Reception to the track is varied: From an "embarrassment" to "anti-masterpiece" to "beautifully organized," fans and critics are divided on the nature of the track, some fully hating it, others enjoying it.

It has also been interpreted different ways. Some saw connections to the Paul is dead theory, and Charles Manson has seen it as an example of his "Helter Skelter" scenario, in which an interracial war will take place. Some simply dismiss it as garbage.
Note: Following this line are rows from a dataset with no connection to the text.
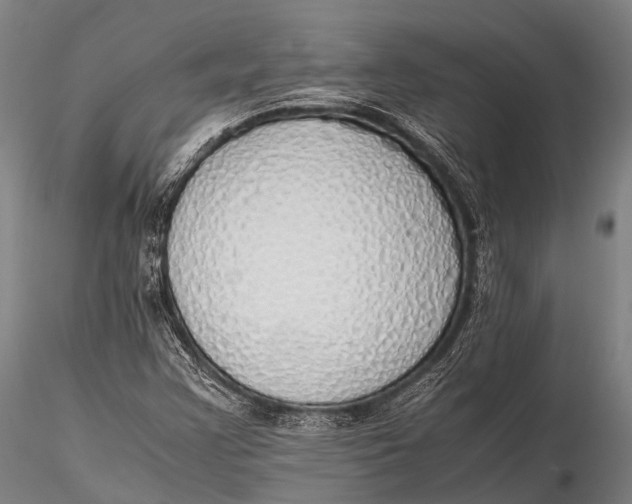 X0000115621355200912011605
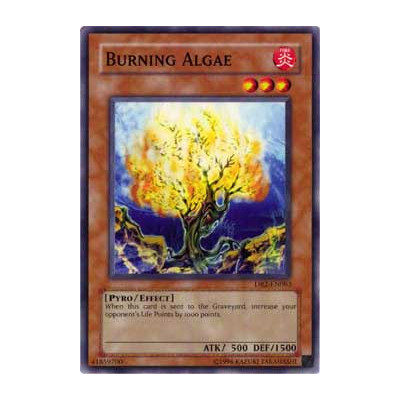 Burning Algae - 25th - IOC-EN062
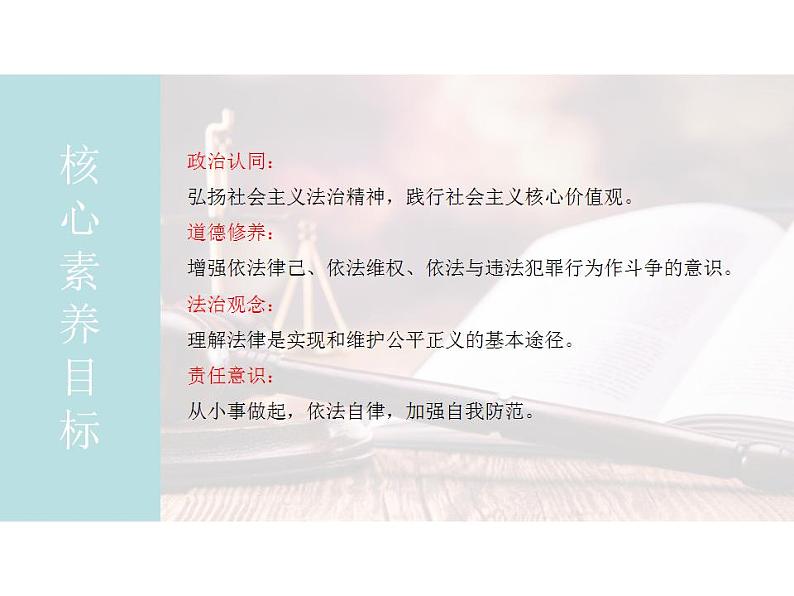 5.3 善用法律 课件-2024-2025学年统编版道德与法治八年级上册第2页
Background and recording Edit

"Revolution 9" is one of few Beatles experimental tracks, the other being "Carnival of Light", done by Paul McCartney during "Penny Lane" recording sessions. Both Lennon and McCartney had inspiration from Karlheinz Stockhausen, and his work titled Hymnen can be seen as inspiration for the song. Yoko Ono was also a powerful influence on Lennon; Their previous and first work together, Unfinished Music No. 1: Two Virgins, was similar to "Revolution 9". Lennon was intrigued by the screams and random talk of Ono, so he let her pick which tapes to use.

The first bits of "Revolution 9" came from a recording session for "Revolution", which was just simply Lennon and a guitar. It soon evolved into a ten-minute "jam" with Lennon screaming "Alright!" and Ono occasionally speaking at times, like as saying, "You become naked." This recording session became two projects: The first part became "Revolution 1", and the second transforming into "Revolution 9". He began to mix tapes of random noises supplied from EMI and began mixing it in until the STEED system ran out. Additional sound was added later with George Harrison assisting.

Final overdubs took place on June 21, and Lennon himself mixed the audio into stereo and mono. When the project was completed, McCartney returned from holiday, as he had been gone during most of the process. Dissatisfied, McCartney tried to persuade Lennon to drop the song from the album; He refused.